** Opening Extracted entries block **

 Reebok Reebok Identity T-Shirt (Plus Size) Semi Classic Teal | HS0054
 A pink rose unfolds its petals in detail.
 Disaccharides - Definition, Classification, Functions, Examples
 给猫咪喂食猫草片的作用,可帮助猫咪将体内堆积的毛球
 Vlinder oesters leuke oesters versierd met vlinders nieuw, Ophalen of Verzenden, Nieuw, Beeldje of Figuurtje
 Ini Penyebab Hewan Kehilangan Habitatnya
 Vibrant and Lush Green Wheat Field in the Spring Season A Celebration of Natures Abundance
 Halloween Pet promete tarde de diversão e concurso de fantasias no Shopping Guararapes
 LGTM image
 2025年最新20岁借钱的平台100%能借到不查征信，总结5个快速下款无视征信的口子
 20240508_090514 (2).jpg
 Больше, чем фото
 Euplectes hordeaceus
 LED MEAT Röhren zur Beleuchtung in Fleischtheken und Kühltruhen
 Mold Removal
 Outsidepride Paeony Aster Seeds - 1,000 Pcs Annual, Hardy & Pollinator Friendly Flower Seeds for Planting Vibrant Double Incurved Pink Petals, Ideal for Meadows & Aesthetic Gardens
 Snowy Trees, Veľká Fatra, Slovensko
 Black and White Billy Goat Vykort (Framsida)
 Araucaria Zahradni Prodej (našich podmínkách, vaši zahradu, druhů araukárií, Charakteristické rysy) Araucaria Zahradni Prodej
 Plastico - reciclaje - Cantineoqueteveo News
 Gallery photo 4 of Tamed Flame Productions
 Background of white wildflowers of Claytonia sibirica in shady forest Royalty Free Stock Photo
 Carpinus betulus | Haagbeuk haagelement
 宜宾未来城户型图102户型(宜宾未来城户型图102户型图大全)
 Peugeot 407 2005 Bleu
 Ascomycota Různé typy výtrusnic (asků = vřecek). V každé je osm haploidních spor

** Closing Extracted entries block **

### Your goal
For the word "Vibrant", go through the records and show each line that carries it.

### Written solution
 Vibrant and Lush Green Wheat Field in the Spring Season A Celebration of Natures Abundance
 Outsidepride Paeony Aster Seeds - 1,000 Pcs Annual, Hardy & Pollinator Friendly Flower Seeds for Planting Vibrant Double Incurved Pink Petals, Ideal for Meadows & Aesthetic Gardens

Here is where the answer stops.